◆ DATA FOR THE TASK ◆
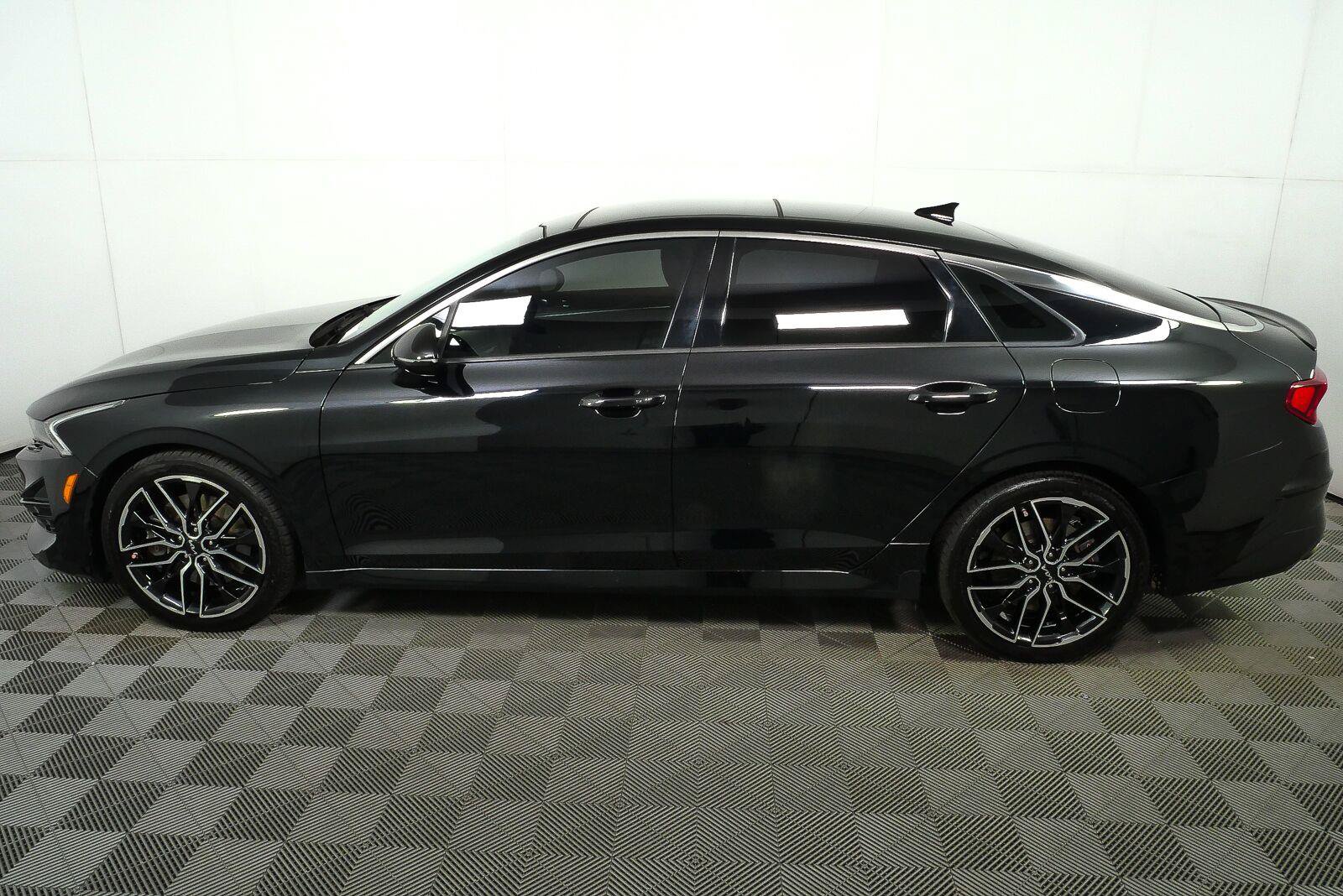 Used 2023 Kia K5 GT FWD image 26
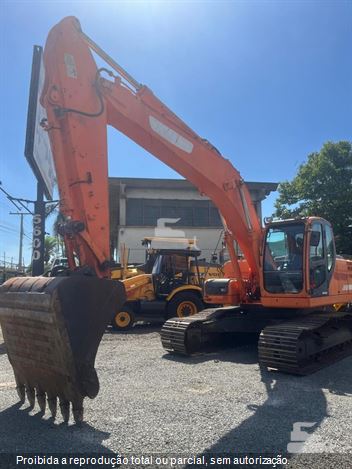 Escavadeira Doosan DX225LCA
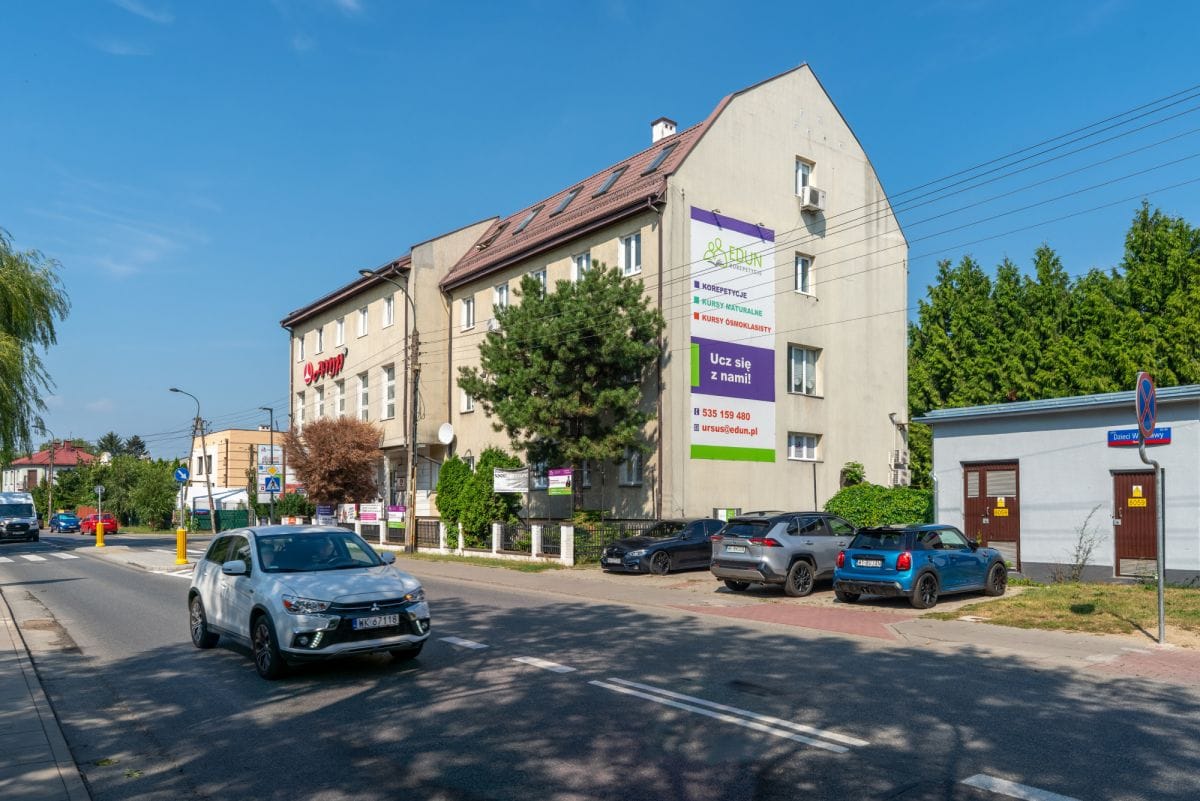 Lokal użytkowy  pokojowe na Sprzedaż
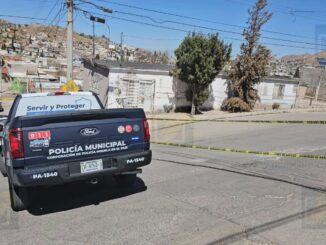 Localizan a hombre sin vida en el porche de una vivienda en la colonia San Rafael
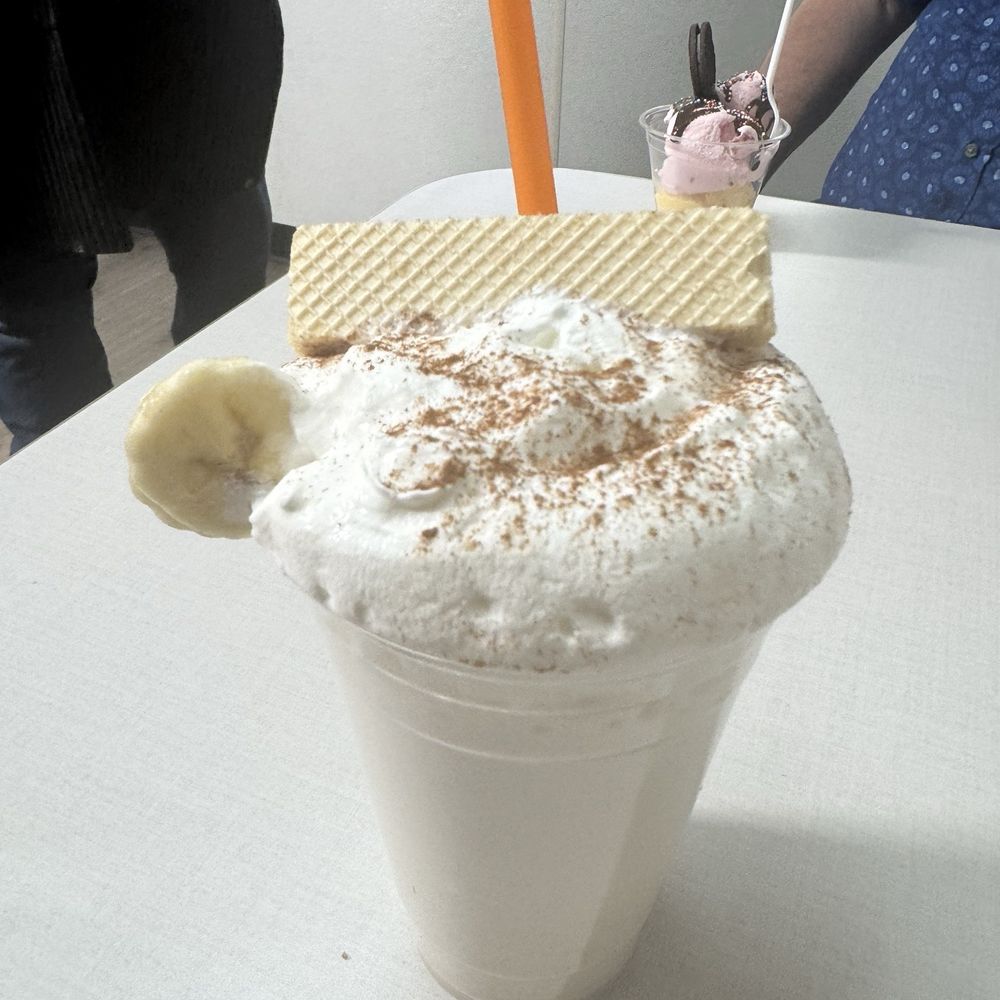 Rosy’s Neveria Antojitos Y Cafe - So so delicious licuado de Plátano - Ice Cream & Frozen Yogurt Near Me - Phoenix, Arizona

◆ EXERCISE DIRECTIONS ◆
Take the line containing "pokojowe na Sprzedaż" and all lines after it to the end of the data above, and reproduce them exactly, leaving out pictures. Nothing else belongs in the copy.

◆ SOLUTION TO THE PROBLEM ◆
 Lokal użytkowy  pokojowe na Sprzedaż
 Localizan a hombre sin vida en el porche de una vivienda en la colonia San Rafael
 Rosy’s Neveria Antojitos Y Cafe - So so delicious licuado de Plátano - Ice Cream & Frozen Yogurt Near Me - Phoenix, Arizona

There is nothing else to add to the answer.